Lily Tomlin
airdate October 8, 2004
Actress and comedienne Lily Tomlin was a pre-med college student before choosing to take her chances in the entertainment business. Her performances have resulted in Emmy, Grammy and Tony Awards and an Oscar nod. Tomlin's role on TV's Laugh-In led to nightclub appearances and successful comedy record albums. The Detroit native made her film debut in Nashville and has numerous TV credits, including The West Wing. Tomlin stars in the ensemble comedy feature, I [Heart] Huckabees.
Lily Tomlin
Tavis: It is a pleasure to welcome Lily Tomlin to this program. There isn't much in show business that she hasn't accomplished. Seminal TV shows like 'Laugh-In,' 'Murphy Brown,' and now 'The West Wing,' films like 'Nine to Five,' 'All of me,' and 'Nashville,' the latter earning her an Oscar nomination. Also, just add in a few Emmy awards and a couple Tonys here and there. Her latest movie role is the new David O. Russell comedy 'I
Vivian: How's the sex?
Bernard: How is the sex?
Dawn: The sex?
Brad: Come on, guys. Come on. That's private.
Dawn: That's gross.
Vivian: A preliminary surveillance indicates it's been infrequent and short, 8 to 9 minutes, typically.

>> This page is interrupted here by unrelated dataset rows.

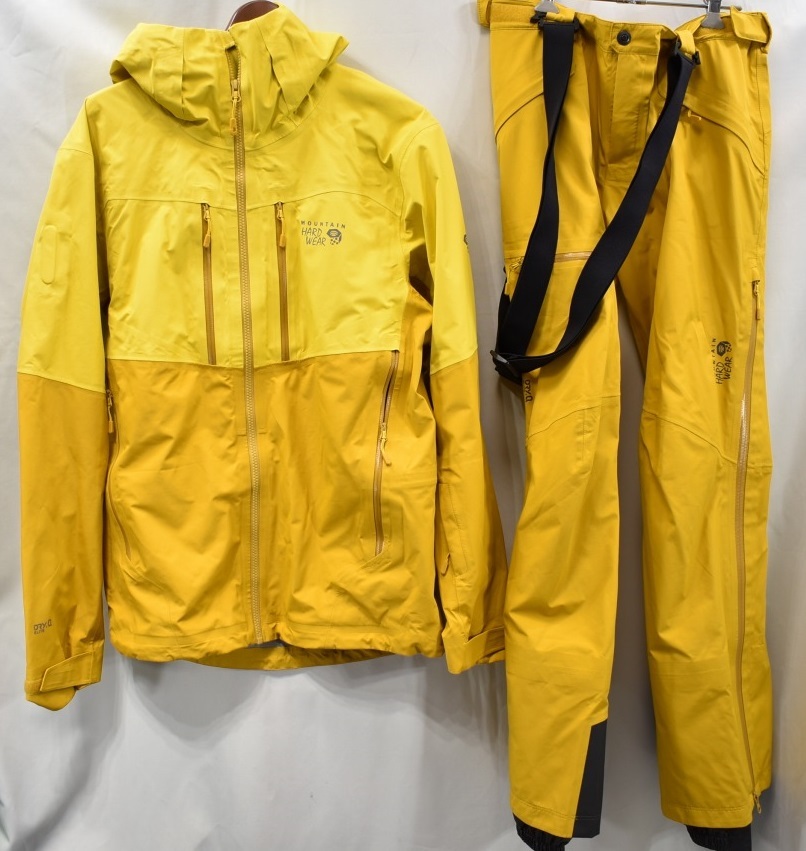 MOUNTAIN HARD WEAR】マウンテンパーカーパンツ上下セットアップ黄色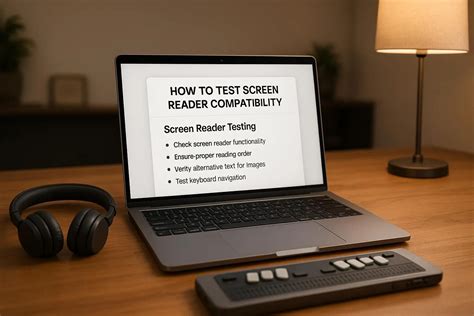 How can I test a screen reader
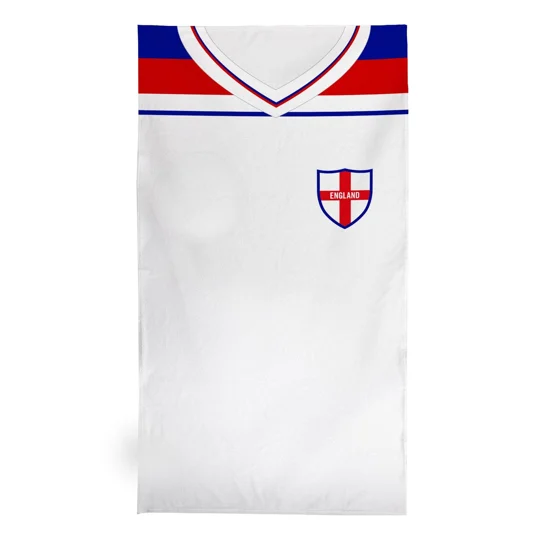 England 1982 Home Shirt-Inspired Beach Towel | Retro Football Accessory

Dawn: Surveillance? You've watched us?
Vivian: No, just listened.
Brad: So your surveillance is wrong.
Dawn: Yeah. It's quantity, not quality.
Vivian: Quiet.
Brad: She meant quality, not quantity.
Dawn: I know. I was only joking.
Bernard: Were you joking when you said quantity and not quality?

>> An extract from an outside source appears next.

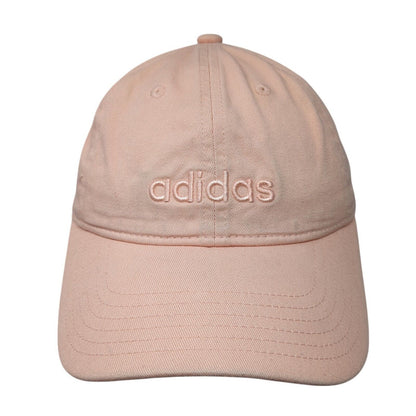Adidas Strapback Hat Pink One Size Adjustable Embroidered 6 Panel Cotton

Vivian: In regards to sex?
Tavis: Ha ha ha ha ha ha ha. Lily Tomlin, nice to see you.
Lily Tomlin: Nice to see you.
Tavis: I'm glad to have you here.
Lily: By far. Thanks.
Tavis: David O. Russell, the director of this movie, was here earlier this week, and I said to him that I've read a number of actors who said that they wanted to work with him, but really didn't in totality get the script that he had written. Did you get the script?

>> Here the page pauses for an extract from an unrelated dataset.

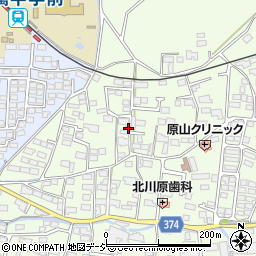 長野県長野市小島357周辺の地図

Lily: Well, you know, maybe I'm too full of myself, but I thought I pretty much got the script. I mean, you know, maybe I may not have been able to tell you what it was entirely, but because I have such regard for David and I kind of--'cause I was in one of his other movies a few years back, 'Flirting With Disaster,' so I knew--I can intuit what he wants to do, where it's going, and I'm excited by that kind of material, anyway. Material that's really about something, and also about something deeper and human, and yet the absurdity of being a human. You know, I love that extremely.
Tavis: Let me ask you--I don't want to belabor this point 'cause I raised it earlier with Mr. Russell, but to your point now about scripts that are about something--I love that phrase 'about something'--have a deeper meaning. Are you seeing enough of that coming across your desk these days in this business?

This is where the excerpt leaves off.